26–29 Aug 2013
Beckman Center of the National Academies of Sciences and Engineering
US/Pacific timezone

Radio Askaryan Neutrino Telescopes

27 Aug 2013, 10:00
30m
Auditorium (Beckman Center of the National Academies of Sciences and Engineering)

Auditorium

Beckman Center of the National Academies of Sciences and Engineering

100 Academy Way, Irvine, CA 92617

Speaker

Amy CONNOLLY

Description

There are strong motivations for a detectable flux of ultra-high energy (UHE) cosmic neutrinos above 10$^{17-18}$~eV both from cosmic ray interactions with cosmic microwave background photons and directly from UHE sources.
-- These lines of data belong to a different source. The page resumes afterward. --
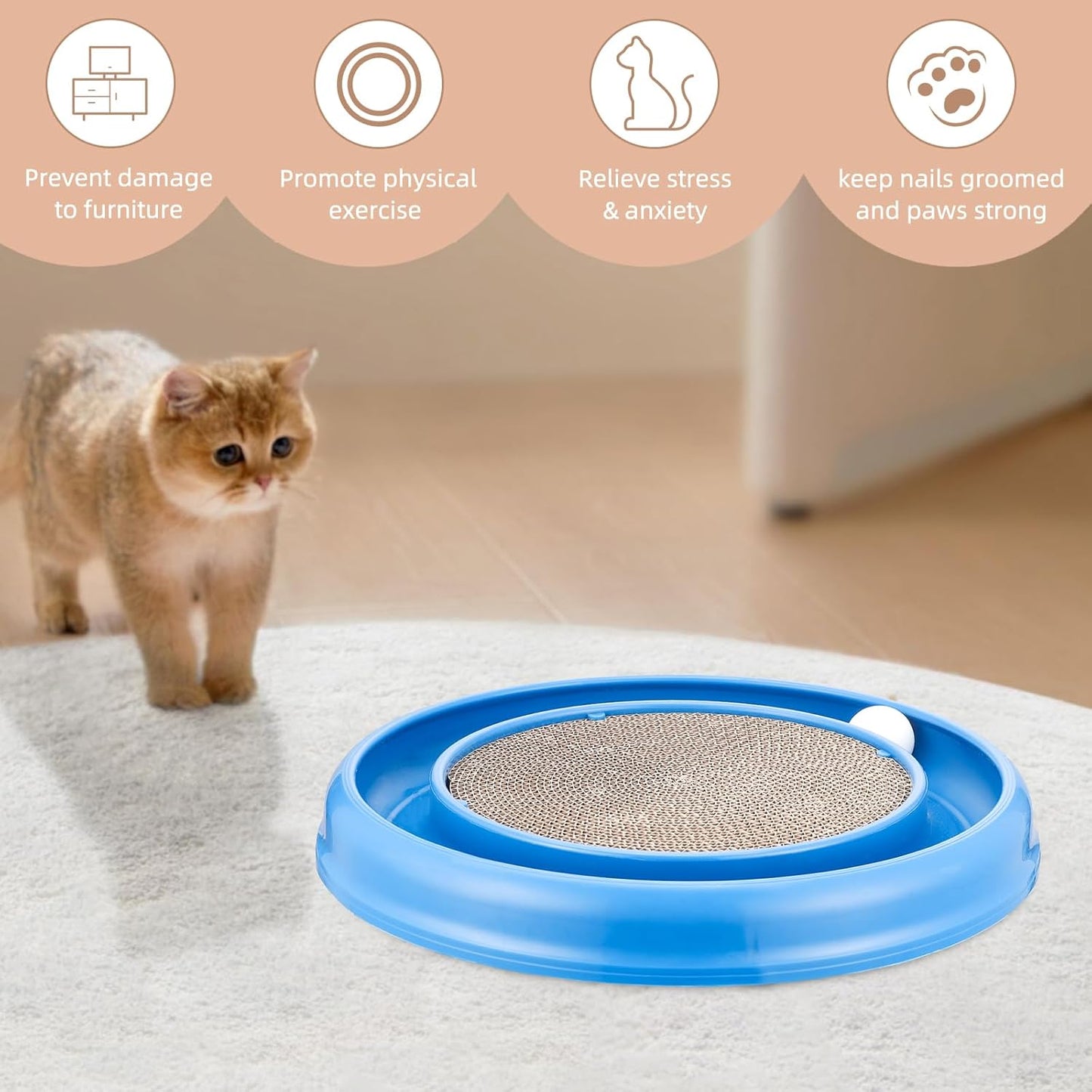 Cat Scratching Board with Balls for Cats Grinding Claw, Round Cat Scratcher Interactive Toy, Cat Ball Track Scratcher Pad for Cats Exercise Play(Grey)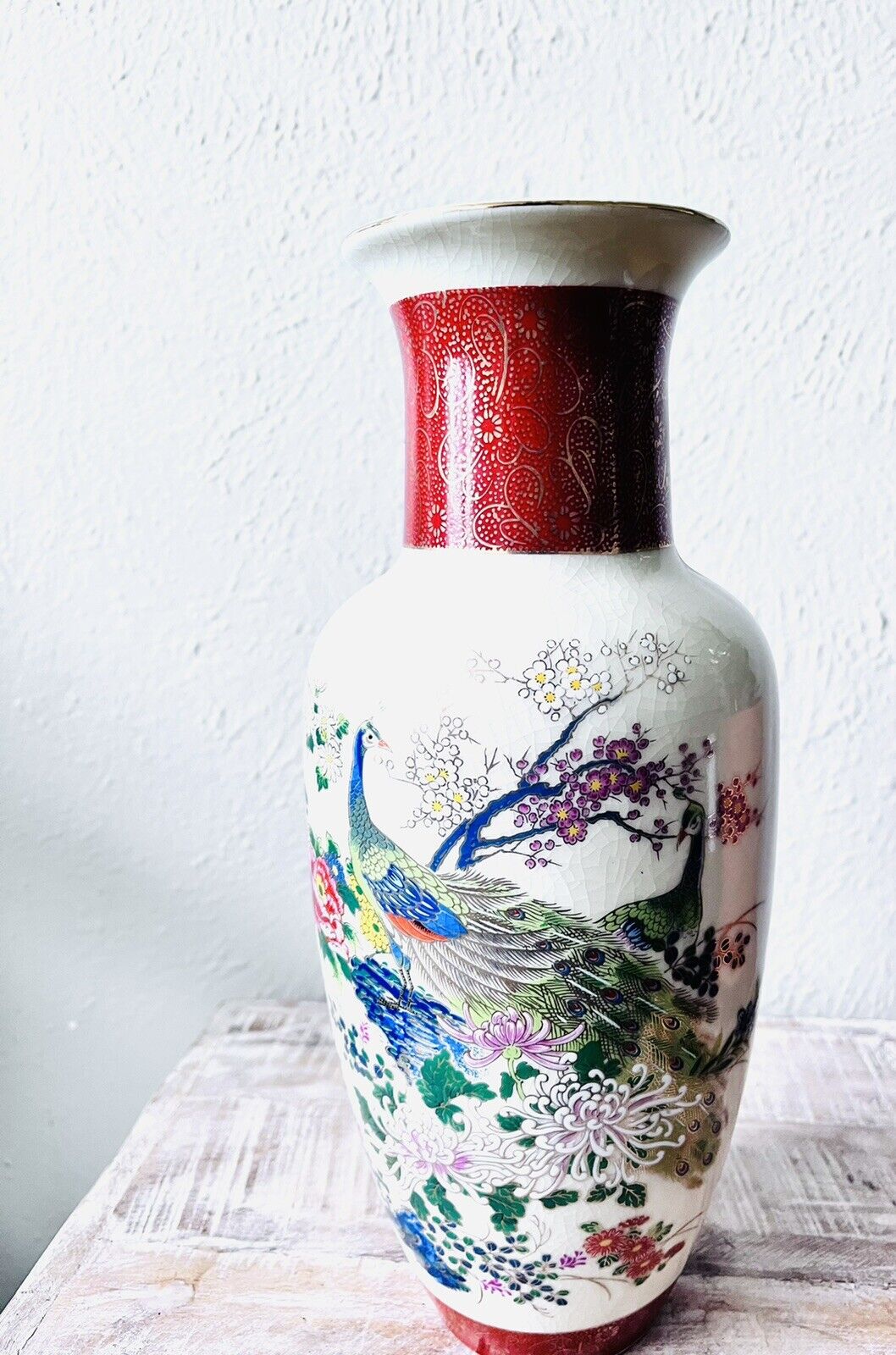 Vintage Satsuma Ware Peacock Vase 11” Stamped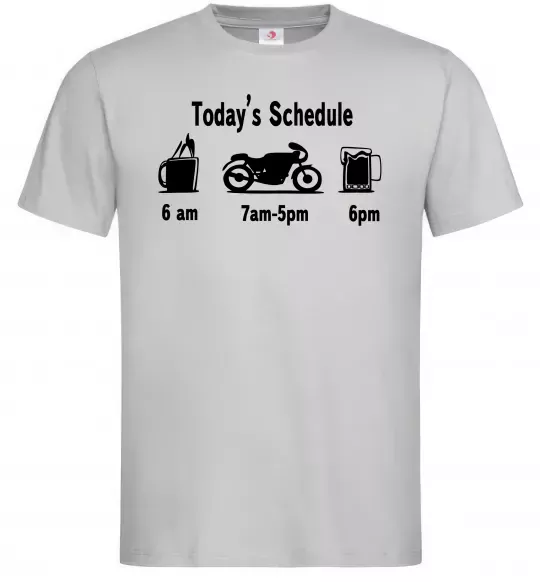 Чоловіча футболка ДЕНЬ МОТОЦИКЛИСТА Сірий фото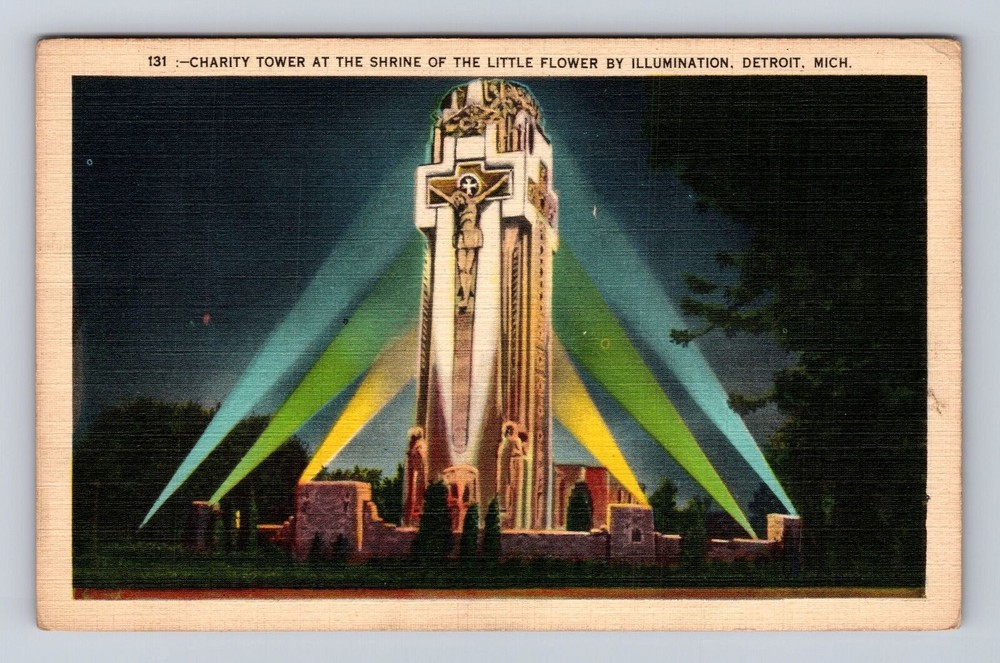 Detroit MI-Michigan, Charity Tower At Shrine Of Little Flower Vintage Postcard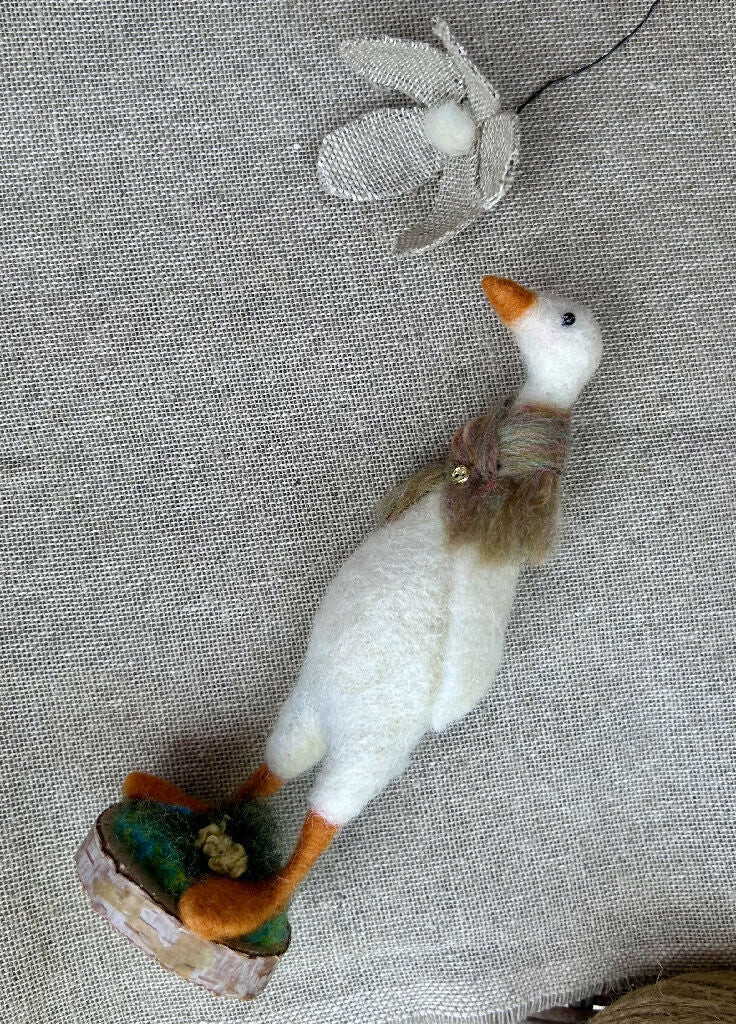 Whimsical Needle-Felted Standing Duck in Rainbow Scarf on Wooden Base - Image 6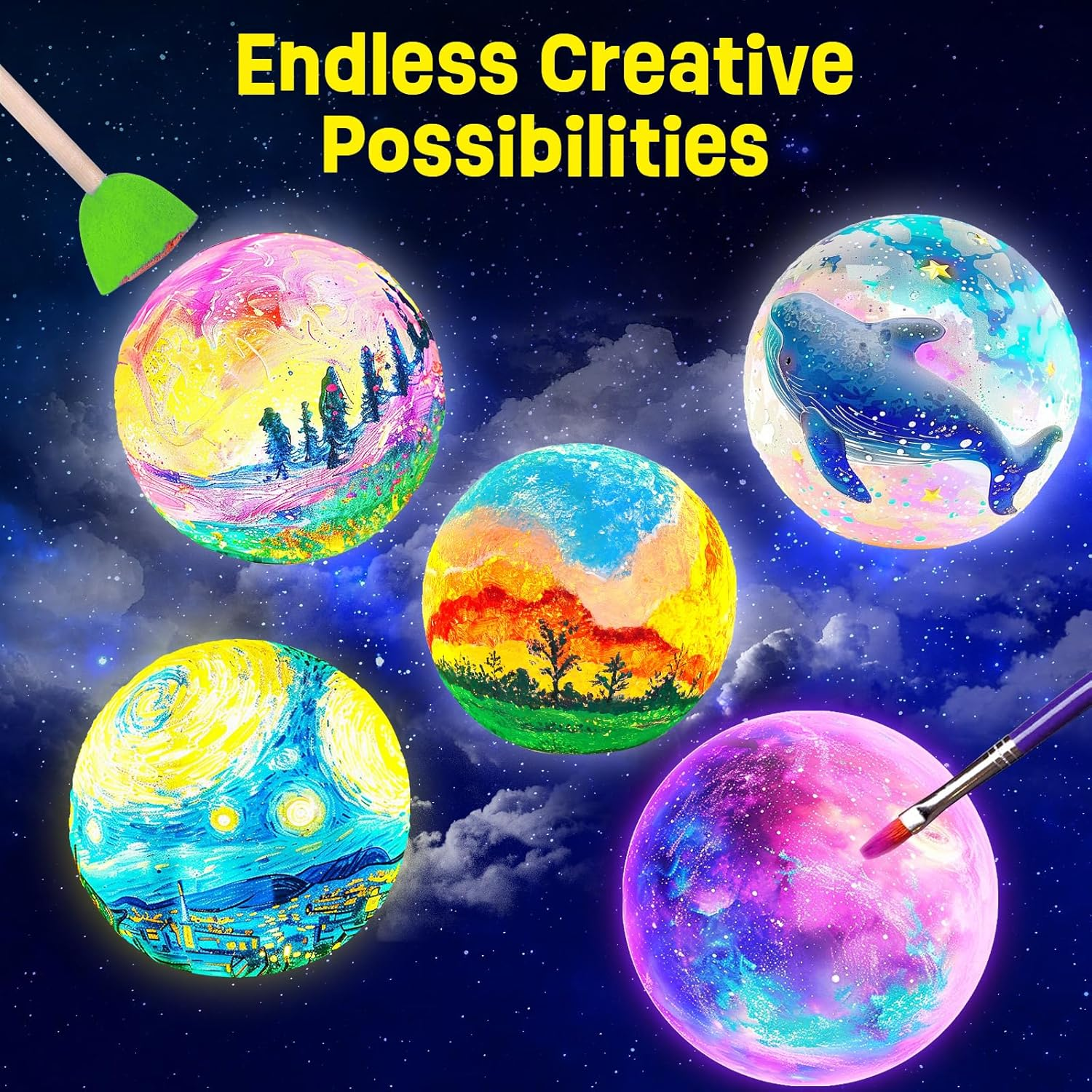 Bunte Planeten mit Kunstwerken, die mit einem Pinsel und einem Schwamm erstellt wurden.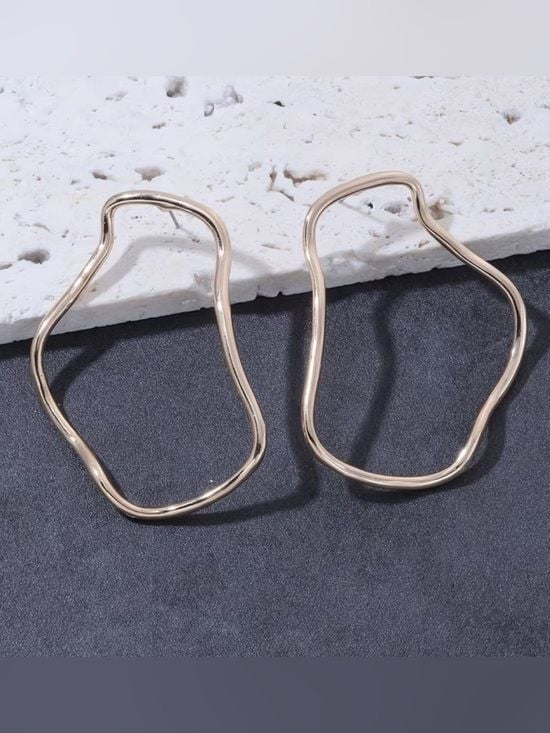 Gold Organic Hoop Earrings - Women Jewelry Earrings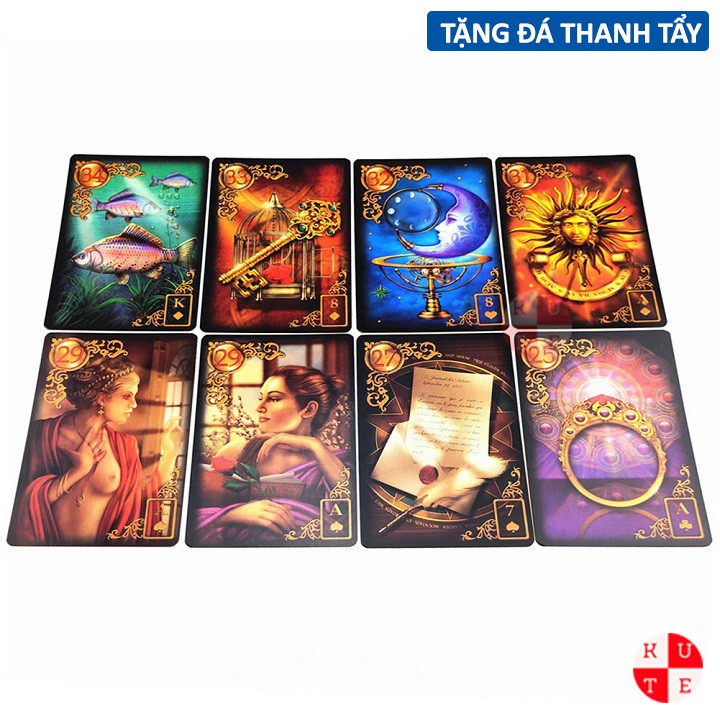 Bộ Bài Lenormand Gilded Reverie Lenormand 47 Lá Bài Mạ Vàng Tặng Đá Thanh Tẩy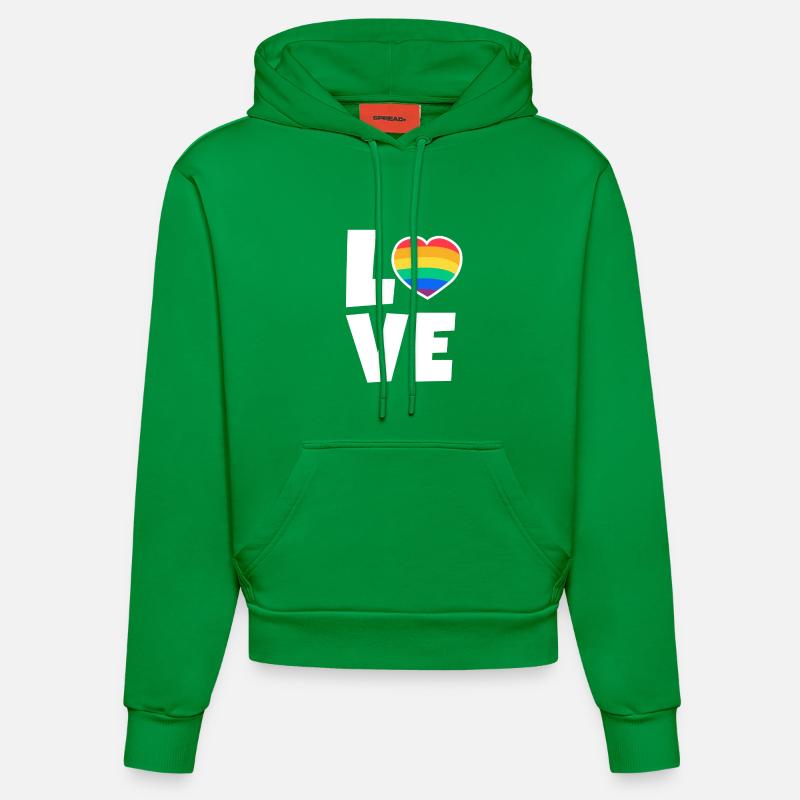 Saint-Valentin, Saint-Valentin, Saint-Valentin - Sweat à capuche bio ajusté fabriqué en UE - City Green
The radio Cerenkov technique is the most promising technique for instrumenting a detection volume large enough to detect the low expected fluxes, and so far all experiments in the field use Antarctic ice as their detection medium due to its immense volume and clarity at radio/microwave frequencies. All current and future projects either view the ice using antennas flown at high altitudes, or use antennas embedded in the ice itself. The world's best constraints on neutrino fluxes above 10^18 eV come from RICE, embedded in the ice near the South Pole, and ANITA, a balloon-borne experiment that is launched under NASA's long duration balloon program. I will review the status of past and current experiments in the field, as well as current and future experiments ARA, ARIANNA and EVA. I will also touch on the implications of future UHE neutrino measurements for particle physics and particle astrophysics.